**Task objective:** The required answer is the run of lines from the one holding "Cute Sweet Geometric" to the end of the data below, copied exactly and free of pictures.

**Data:**

++++++

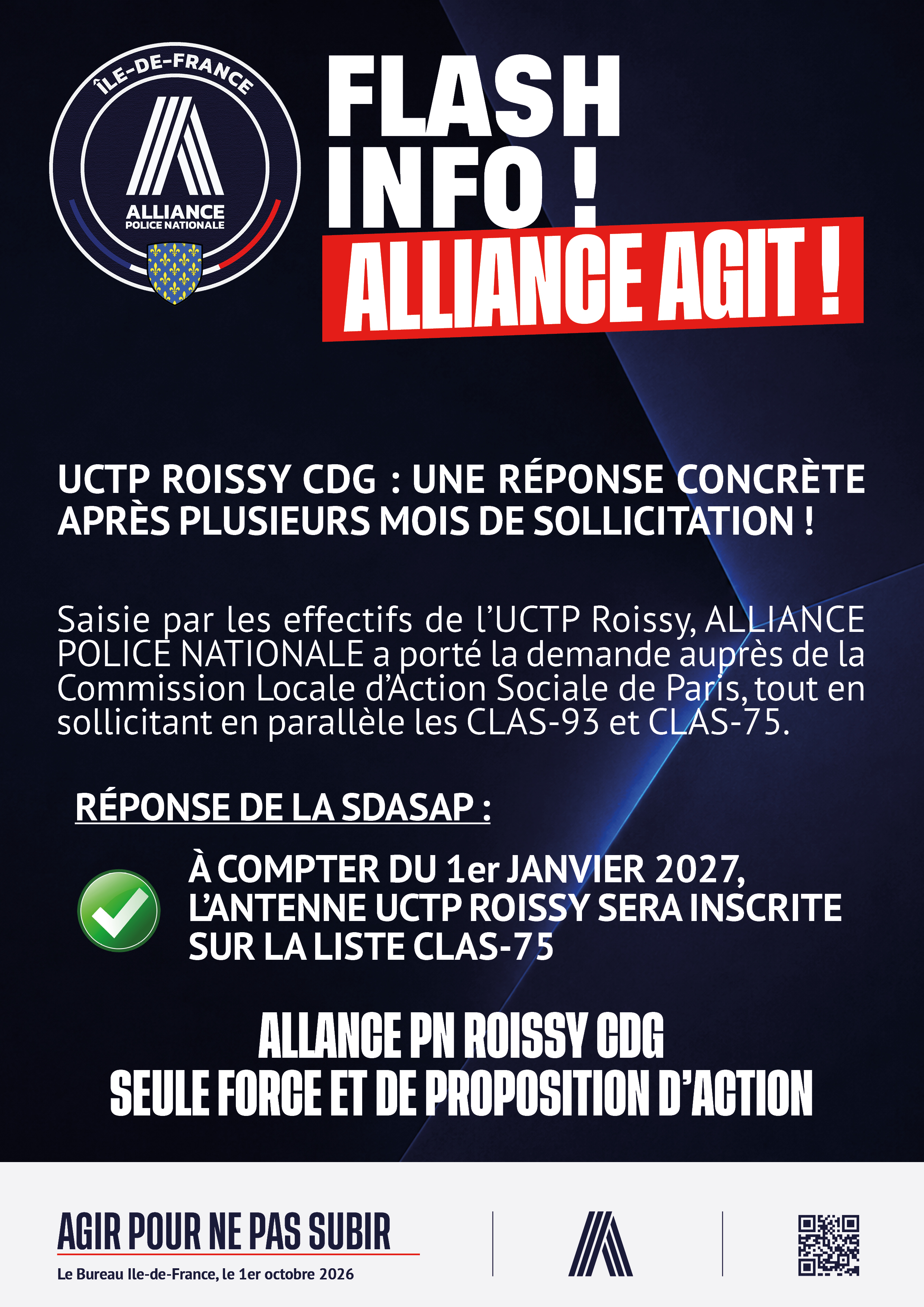 Alliance agit ! UCTP Roissy / CLAS 75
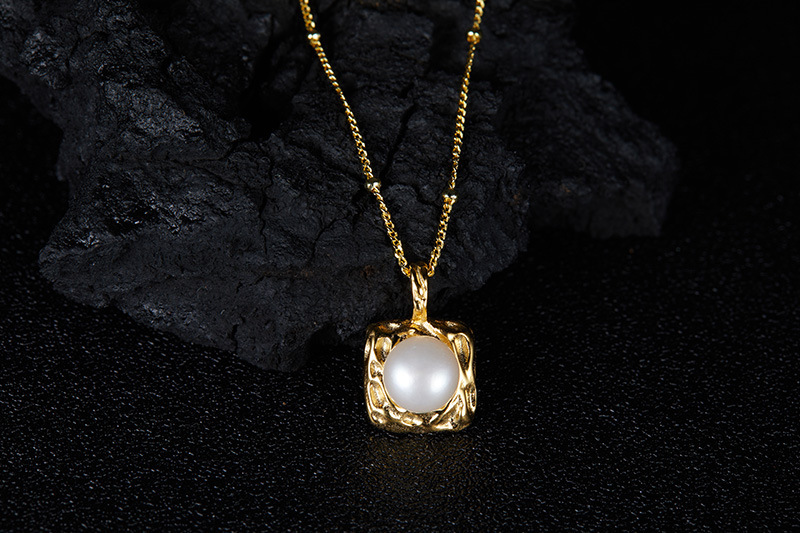 Cute Sweet Geometric Color Block Freshwater Pearl Sterling Silver Handmade Women's Necklace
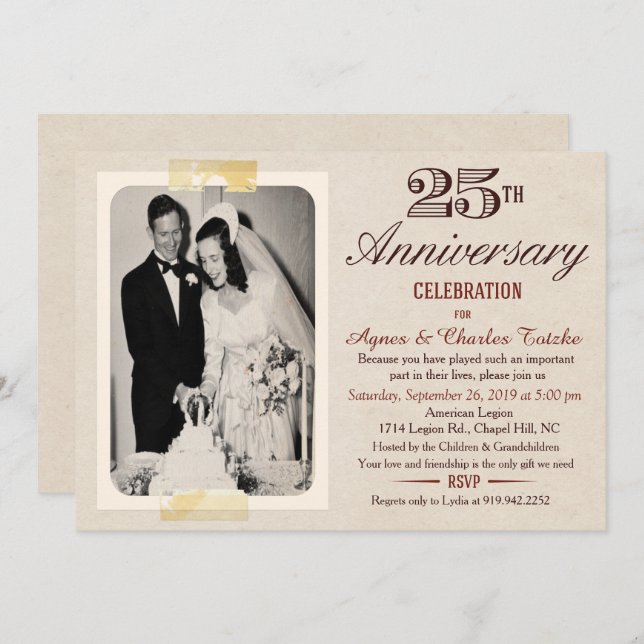 25th Wedding Anniversary Invitation - Custom Photo (Front/Back)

++++++

**Your solution:**
 Cute Sweet Geometric Color Block Freshwater Pearl Sterling Silver Handmade Women's Necklace
 25th Wedding Anniversary Invitation - Custom Photo (Front/Back)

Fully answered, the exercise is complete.